ContextualAI / gritlm

Generative Representational Instruction Tuning
https://arxiv.org/abs/2402.09906
MIT License
479 stars 33 forks source link

TypeError: forward() got an unexpected keyword argument 'is_causal' #24

Closed DreamInvoker closed 2 months ago

DreamInvoker commented 2 months ago

when I set attn=bbcc, I encountered this bug. Do you have some advice?

torch==2.0.1 transformers==4.37.2

Muennighoff commented 2 months ago

Yes you need to use this modeling file: https://github.com/ContextualAI/gritlm/blob/main/scripts/modeling_mistral_gritlm.py for Mistral.
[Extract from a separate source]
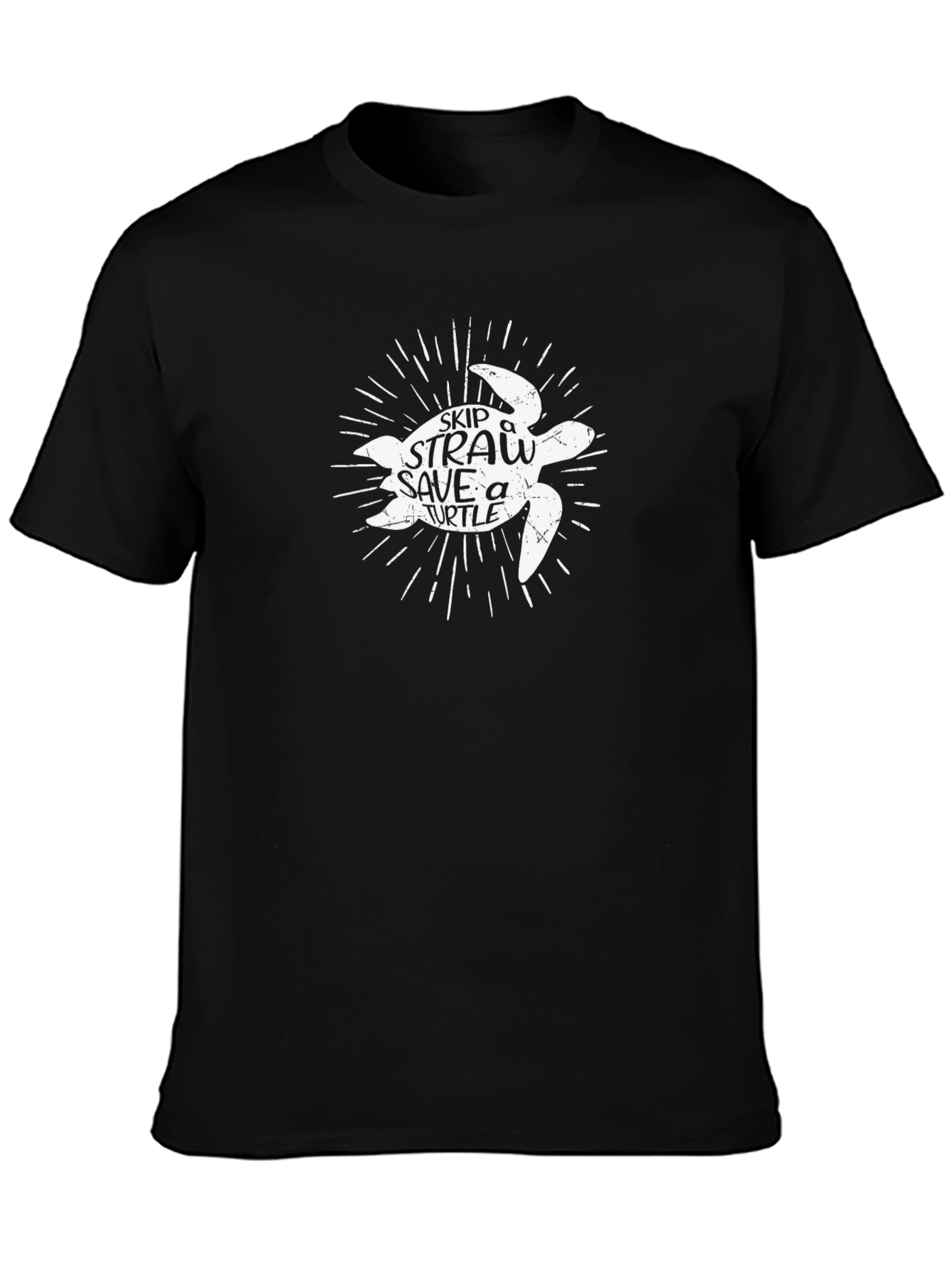 Skip Straw Save a Turtle Graphic T-Shirt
If you want to train a different model then you need to add is_causal to its kwargs in the forward and use bidirectional attention whenever it is False.
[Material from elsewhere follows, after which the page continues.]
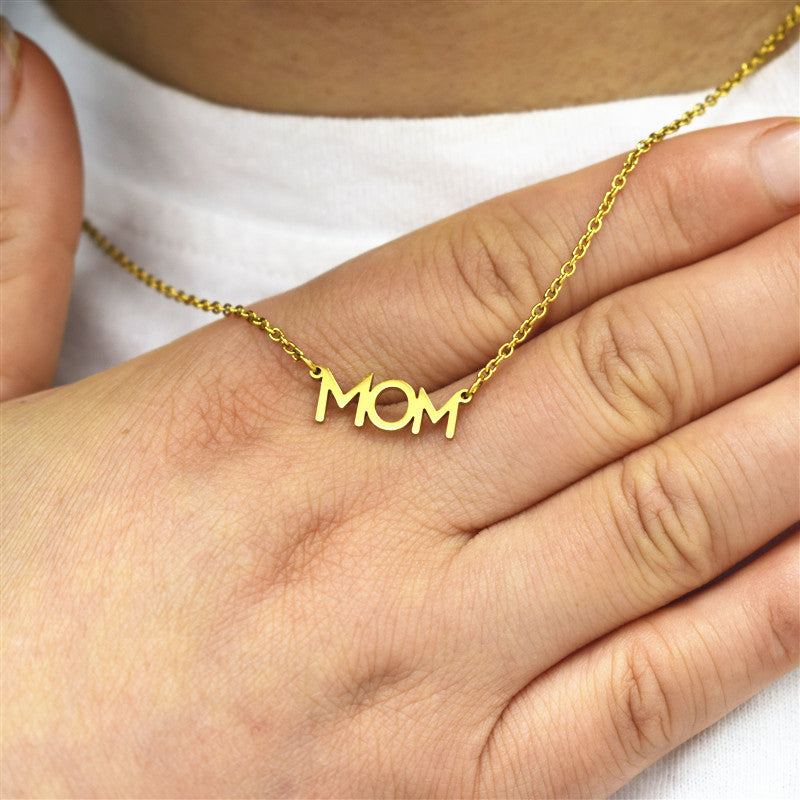 Mama Mom Letter Pendant Necklace Mother's Day Birthday Gift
Muennighoff commented 2 months ago

I detailed it here: https://github.com/ContextualAI/gritlm?tab=readme-ov-file#models but maybe it is not visible enough

DreamInvoker commented 2 months ago

thank you! should I implement _prepare_4d_causal_attention_mask function for another model?

Muennighoff commented 2 months ago

I think you can just import it from transformer like done in the mistral modeling file. You then just need to add an if/else clause like here https://github.com/ContextualAI/gritlm/blob/01b2ed4799f09df2d9d41a9870176606b32568aa/scripts/modeling_mistral_gritlm.py#L1032

DreamInvoker commented 2 months ago

get, thank you very much!